- The Washington Times - Friday, June 22, 2007

THE WASHINGTON TIMES Democrats yesterday accused Deputy Attorney General Paul J. McNulty of giving dishonest answers during a congressional hearing on the U.S. attorney firings, and said they will press forward in trying to find out the extent of White House involvement in the firings.

“That was not a fully candid discussion that we had,” House Judiciary Committee Chairman John Conyers Jr., Michigan Democrat, said after a nearly three-hour hearing with Mr. McNulty.

Mr. Conyers said he and Senate Democrats are considering filing contempt of Congress citations against two former White House officials who have been subpoenaed to testify, and against White House Chief of Staff Joshua B. Bolten, who has been subpoenaed to provide documents.

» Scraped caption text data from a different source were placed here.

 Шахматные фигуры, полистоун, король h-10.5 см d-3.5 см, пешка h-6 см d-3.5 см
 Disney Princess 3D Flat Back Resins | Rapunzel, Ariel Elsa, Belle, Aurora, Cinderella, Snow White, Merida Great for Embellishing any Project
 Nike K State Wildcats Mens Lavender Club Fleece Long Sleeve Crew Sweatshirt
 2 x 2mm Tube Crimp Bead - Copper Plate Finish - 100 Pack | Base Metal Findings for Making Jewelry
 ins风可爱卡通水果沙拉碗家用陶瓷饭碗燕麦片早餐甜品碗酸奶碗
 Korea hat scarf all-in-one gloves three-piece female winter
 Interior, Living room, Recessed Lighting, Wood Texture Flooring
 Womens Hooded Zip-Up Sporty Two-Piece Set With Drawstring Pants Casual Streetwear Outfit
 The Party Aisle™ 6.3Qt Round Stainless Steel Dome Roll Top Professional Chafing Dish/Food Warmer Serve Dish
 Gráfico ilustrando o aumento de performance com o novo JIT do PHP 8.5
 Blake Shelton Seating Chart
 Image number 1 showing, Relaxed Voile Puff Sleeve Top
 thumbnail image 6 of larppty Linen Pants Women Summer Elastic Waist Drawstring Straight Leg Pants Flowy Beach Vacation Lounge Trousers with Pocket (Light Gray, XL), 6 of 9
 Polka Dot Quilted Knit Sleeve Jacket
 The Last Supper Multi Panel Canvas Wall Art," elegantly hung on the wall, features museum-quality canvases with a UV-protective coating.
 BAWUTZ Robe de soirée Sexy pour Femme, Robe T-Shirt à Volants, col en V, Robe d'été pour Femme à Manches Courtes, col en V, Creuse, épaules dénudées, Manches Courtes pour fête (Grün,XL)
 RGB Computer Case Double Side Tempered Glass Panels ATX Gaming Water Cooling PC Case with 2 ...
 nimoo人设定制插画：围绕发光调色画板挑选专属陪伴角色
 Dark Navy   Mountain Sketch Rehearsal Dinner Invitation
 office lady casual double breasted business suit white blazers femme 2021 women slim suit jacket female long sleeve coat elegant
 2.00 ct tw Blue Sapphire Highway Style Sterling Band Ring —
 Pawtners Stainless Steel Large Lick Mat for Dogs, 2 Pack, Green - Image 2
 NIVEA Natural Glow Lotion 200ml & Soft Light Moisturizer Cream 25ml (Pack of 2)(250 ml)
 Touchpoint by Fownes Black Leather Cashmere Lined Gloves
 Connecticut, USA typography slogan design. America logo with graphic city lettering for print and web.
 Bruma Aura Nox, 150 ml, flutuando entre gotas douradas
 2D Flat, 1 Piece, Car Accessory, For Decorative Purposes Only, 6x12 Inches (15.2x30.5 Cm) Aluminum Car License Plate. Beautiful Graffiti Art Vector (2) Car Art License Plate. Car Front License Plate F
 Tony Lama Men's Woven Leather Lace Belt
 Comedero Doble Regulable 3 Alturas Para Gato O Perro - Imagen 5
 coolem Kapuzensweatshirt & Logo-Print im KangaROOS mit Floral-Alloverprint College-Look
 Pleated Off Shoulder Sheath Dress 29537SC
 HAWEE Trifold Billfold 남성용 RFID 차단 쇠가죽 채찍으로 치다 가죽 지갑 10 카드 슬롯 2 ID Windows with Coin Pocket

The White House has refused Democrats’ summons, and has offered private meetings with current and former administration officials but without transcription a proposal Democrats have rebuffed, setting up a showdown in the courts if no compromise is reached.

Mr. McNulty, who announced last month that he will resign this summer, was asked about charges from former Justice Department official Monica Goodling that he did not tell the Senate Judiciary Committee on Feb. 6 all he knew about White House input on the firings.

Miss Goodling, who resigned from the Justice Department in April and testified only after she was granted immunity, told the committee last month that Mr. McNulty was “not fully candid about his knowledge of White House involvement in the replacement decision.”

Mr. McNulty told the committee yesterday that he testified truthfully in February, and that more information detailing White House involvement has since been revealed in documents released by the Justice Department.

“My testimony was dead-on accurate to what I knew at the time, that the White House had approved the names at the time,” Mr. McNulty said.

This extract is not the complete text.